Lo ha sottolineato uno studio coordinato da Michael Skinner, esperto della Washington State University's School of Biological Sciences. In base a quanto emerso, in un prossimo futuro e attraverso il rilevamento di un tampone orale, alcuni marcatori genetici nel Dna della coppia potrebbero aiutare gli specialisti a prevedere il rischio di avere un figlio prematuro
Biomarcatori genetici che potrebbero consentire strategie di medicina preventiva per ridurre l'incidenza delle nascite pretermine. Sono quelli che, in un prossimo futuro e attraverso un tampone orale, potrebbero aiutare gli specialisti a prevedere quali coppie siano a rischio di avere un figlio prematuro. E’ su questo tema che si è concentrato uno studio, coordinato da Michael Skinner, esperto della Washington State University's School of Biological Sciences, i cui risultati sono stati pubblicati sulla rivista “Scientific Reports”.

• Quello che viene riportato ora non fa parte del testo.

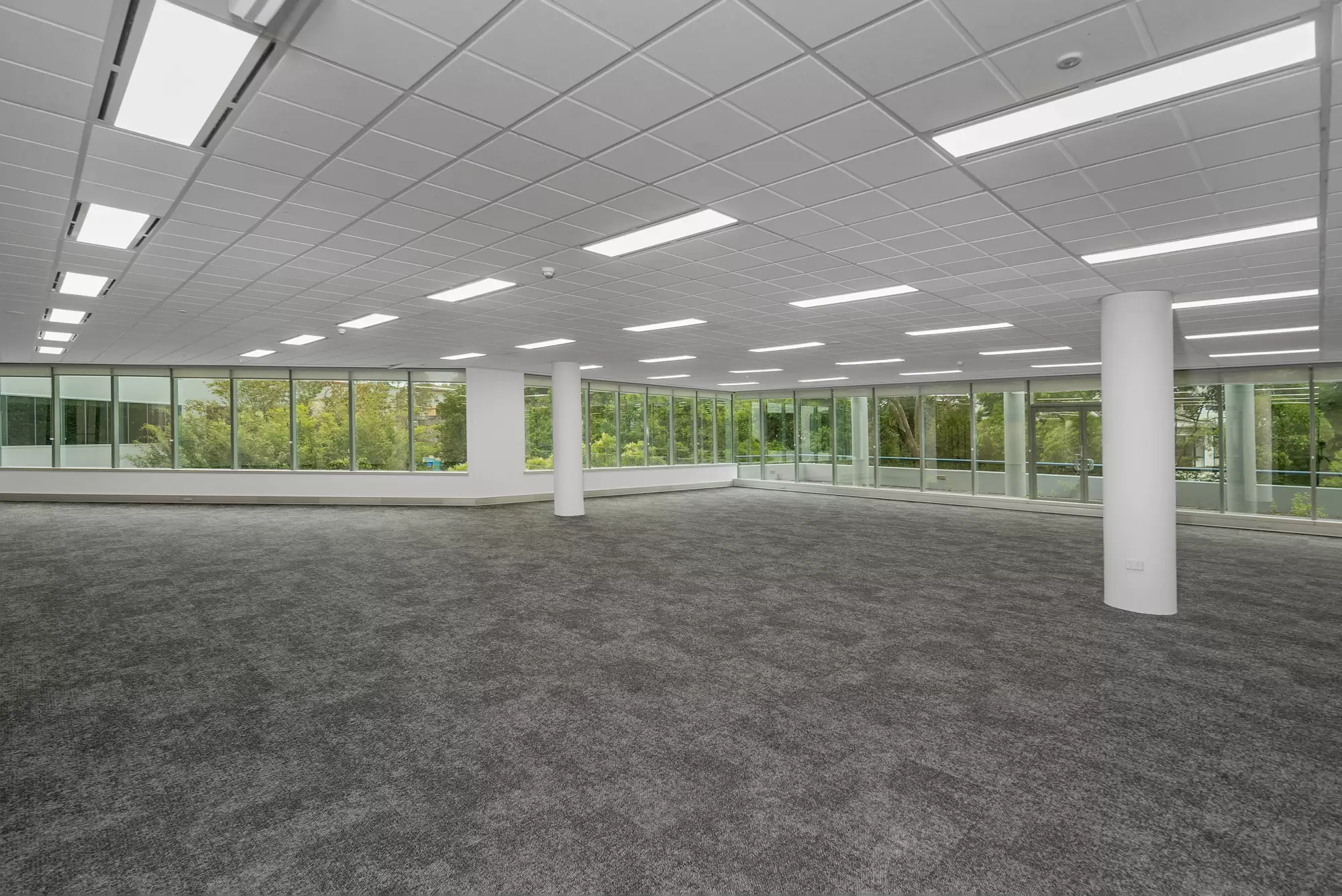 Photo #20: 20 Rodborough Rd, Frenchs Forest - For Lease by One Commercial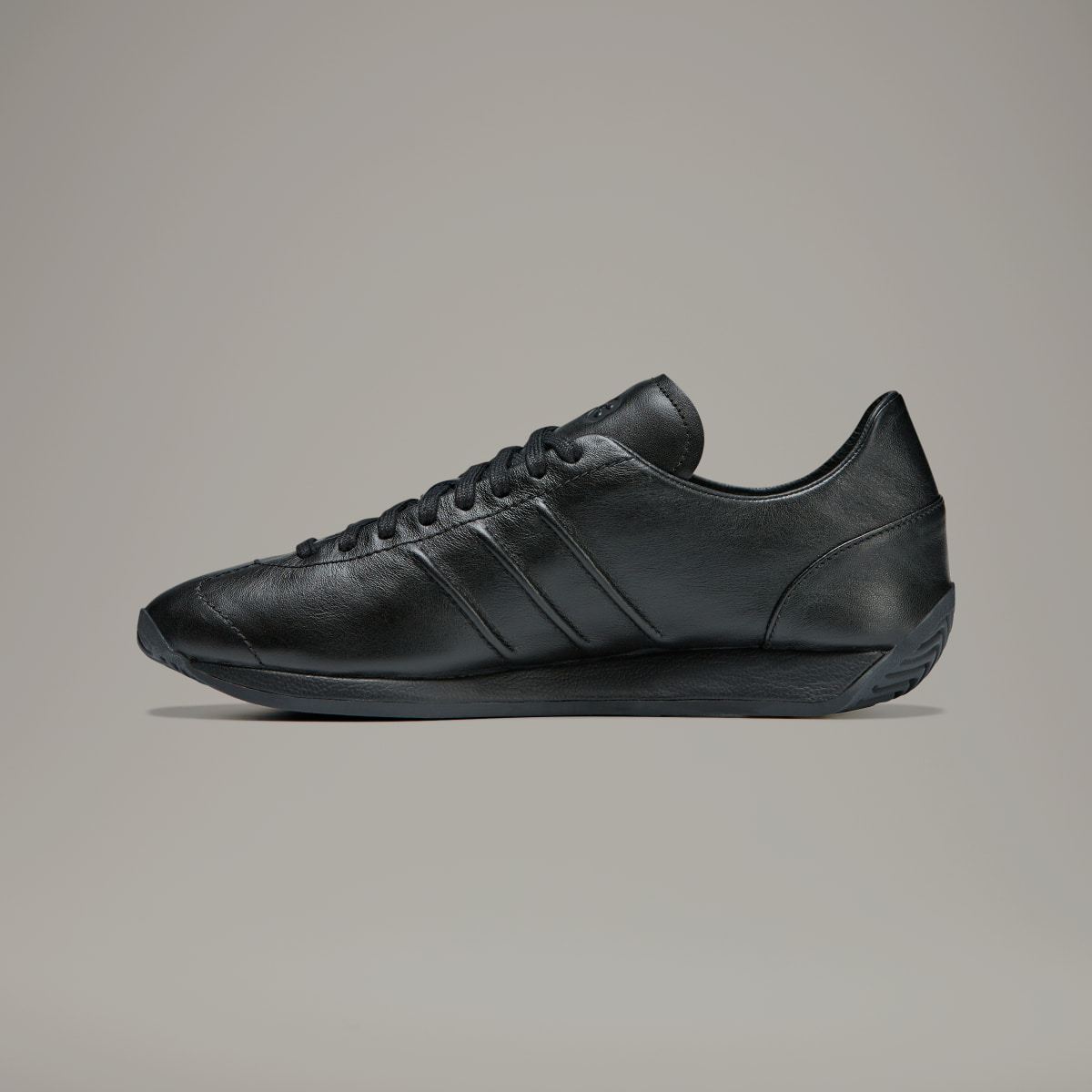 Adidas Buty Y-3 Country. 8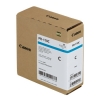 Canon PFI-110C inktcartridge cyaan (origineel) 2365C001 905168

Marcatori genetici del rischio
Secondo Skinner e gli studiosi che hanno collaborato al lavoro di ricerca, sono presenti infatti, nel Dna degli aspiranti genitori, alcuni marcatori genetici del rischio. E questo considerando sia il Dna materno, sia quello paterno. I ricercatori, per arrivare a proporre la loro tesi, hanno preso in esame una serie di campioni di triadi (mamma, papà e neonato) ed hanno analizzato, nel dettaglio, proprio il Dna dei genitori. Dal resoconto dei dati riscontrati, quindi, è emerso come, mediamente, i genitori dei nati prematuri presentassero nel proprio Dna una sorta di “firma genetica” relativa alla prematurità, cioè alcuni marcatori riconoscibili e assenti nel Dna dei genitori con figli non prematuri. Secondo gli esperti, che hanno sottolineato nel loro studio come il parto pretermine rappresenti la principale causa di mortalità neonatale e infantile, colpendo quasi un nato vivo su dieci, i risultati emersi potrebbero condurre alla realizzazione di un semplice test genetico per scoprire quali sono le coppie a rischio e, di conseguenza, gestire le gravidanze in modo opportuno, tentando di minimizzare il rischio di parto pretermine.
Un rapporto sul tema
Ogni anno, in tutto il mondo, nascono circa 15 milioni di neonati prematuri, mentre solamente in Italia sono più di 30.000, ovvero il 6,9% delle nascite totali, dato che è risultato in aumento all'11,2% nei parti di donne con infezione da Sars-Cov-2. Lo aveva segnalato, alcuni mesi fa, l'Efcni, la European Foundation for the Care of Newborn Infants, attraverso la realizzazione del progetto legato agli “European Standards of Care for Newborn Health”, alla cui stesura ha collaborato anche la Società italiana di neonatologia (Sin), per assicurare cure neonatali eque e di elevata qualità a livello globale. Dal rapporto era emerso come il tasso di sopravvivenza dei bambini nati prematuri risulti in continuo miglioramento, sebbene la nascita pretermine rappresenti ancora oggi una sfida ancora attuale ed esistano, nel mondo, significative disomogeneità nelle cure.